But on the other side of the Capitol, Senate Majority Leader Mitch McConnell (R-Ky.) appears to have a serious problem.
Senate Democrats said they’re confident they have the votes to block the stop-gap spending bill that the House is taking up, according to two Democratic senators and a senior party aide. And top Senate Republicans are openly worried about the situation as they struggle to keep their own members in the fold.
“I’m concerned that we, yeah, we may not have 60 votes in the Senate,” South Dakota Sen. John Thune, the third-ranking Senate Republican, said Thursday morning. “And I think that’s obviously problematic.”
After a lively party lunch on Thursday, the vast majority of the Senate Democratic caucus emerged in opposition to the GOP proposal.
“I am convinced that between Republicans who publicly said they’re [voting] no and Democrats who said they’re a ‘no,’ there are not enough votes in this chamber” to pass the House plan, said a Democratic Senator, who requested anonymity to discuss the matter freely.
The sentiment was confirmed by a Democratic aide and another senator.
McConnell told his members in an email obtained by POLITICO that he intends to keep the chamber in session through the weekend if a shutdown occurs. Republican senators also discussed the possibility of a much shorter spending bill at a Wednesday lunch, hoping to keep the pressure on Congress to hammer out a large agreement rather than punt on contentious spending and immigration issues.

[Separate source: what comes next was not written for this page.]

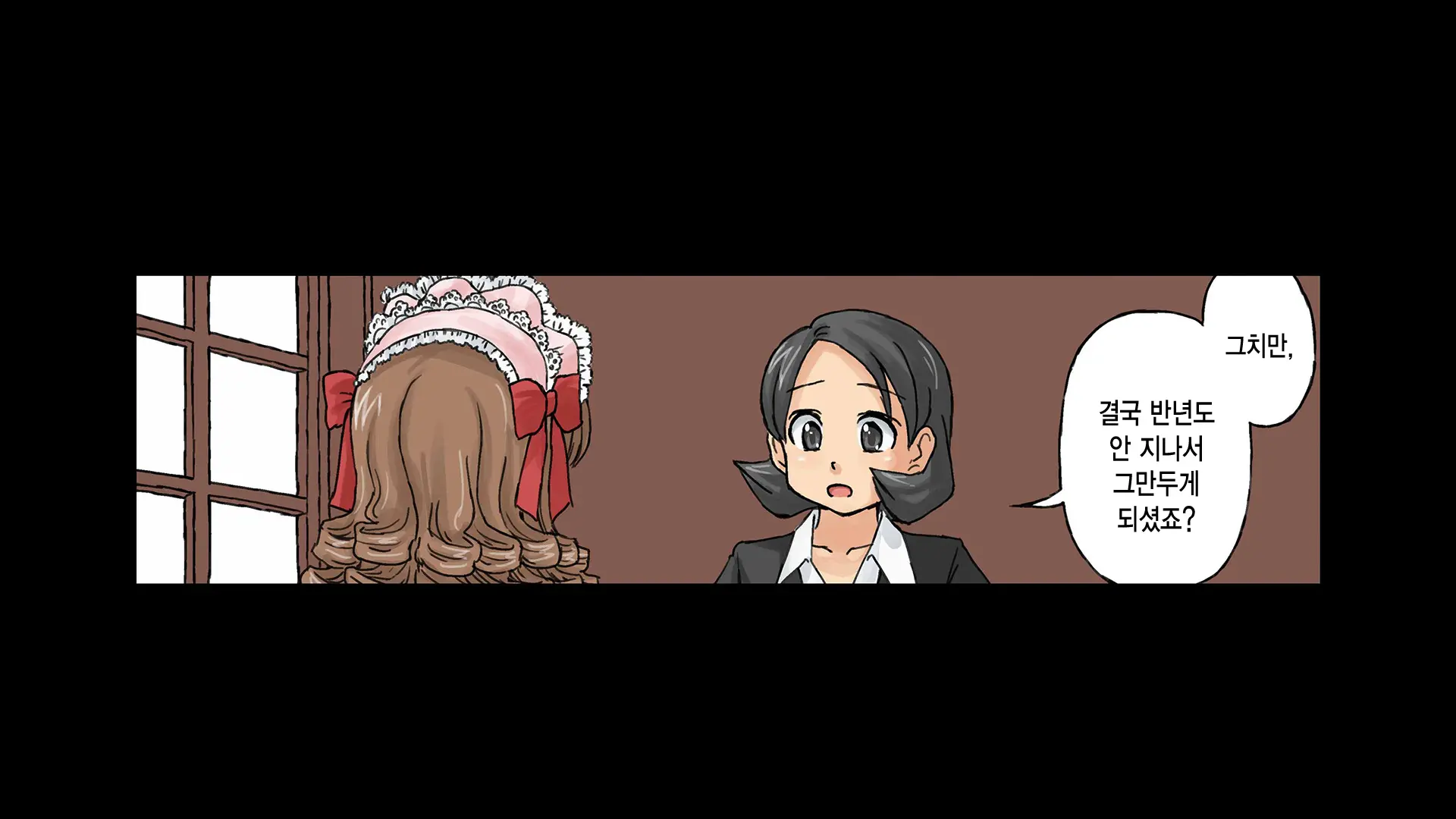 웹툰 이미지 39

Democrats and some Republicans appear willing to back only a spending bill lasting several days, hoping the small window would kickstart negotiations on a plan to protect hundreds of thousands of young immigrants from being deported.

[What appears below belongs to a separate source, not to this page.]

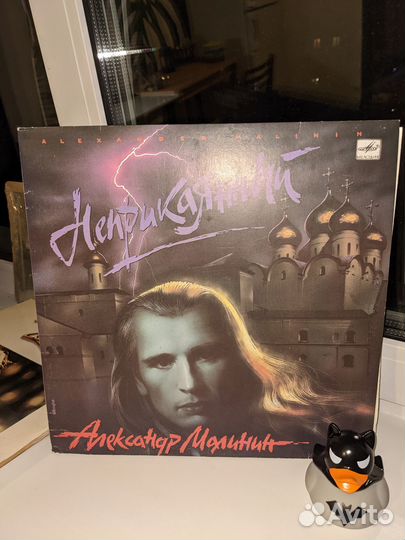 Виниловые пластинки Александр Малинин Неприкаянный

“That would allow us to get a compromise, get a deal done. If we wait a month there’s little likelihood we’re in a better position than we are now,” said Sen. Jerry Moran (R-Kansas.), who made the case to his colleagues that funding bills for as short as one or two days are preferable to allowing the government to close.
Office of Management and Budget Director Mick Mulvaney acknowledged the possibility of a “Plan B” in case the CR fails to pass. Mulvaney, a former House member, told reporters in the Capitol that the administration is considering a shorter-term spending bill if needed.
But Senate Majority Whip John Cornyn (R-Texas) dismissed the idea of a spending plan that only lasts days. “No, we’re not going to do that,” he said.
Yet Senate Democrats — furious with Trump for his reversal last week on a bipartisan Senate plan to protect 700,000 young immigrants from deportation — have signaled a new willingness to take a harder line. A handful who previously supported short-term funding measures have declared they will not this time around, including Tom Udall and Angus King, an independent who caucuses with Democrats.
“This CR can’t get the job done… We’re going to have to go in a different direction,” Senate Minority Leader Chuck Schumer (D-N.Y.) said on the Senate floor. Schumer didn’t declare that Democrats would vote against the bill, but he noted that momentum was clearly heading in that direction.
Schumer mocked President Donald Trump and McConnell for an “unending flow of chaos from the other end of Pennsylvania Avenue,” including the prolonged fight over the Dreamers, which has dragged on for months now.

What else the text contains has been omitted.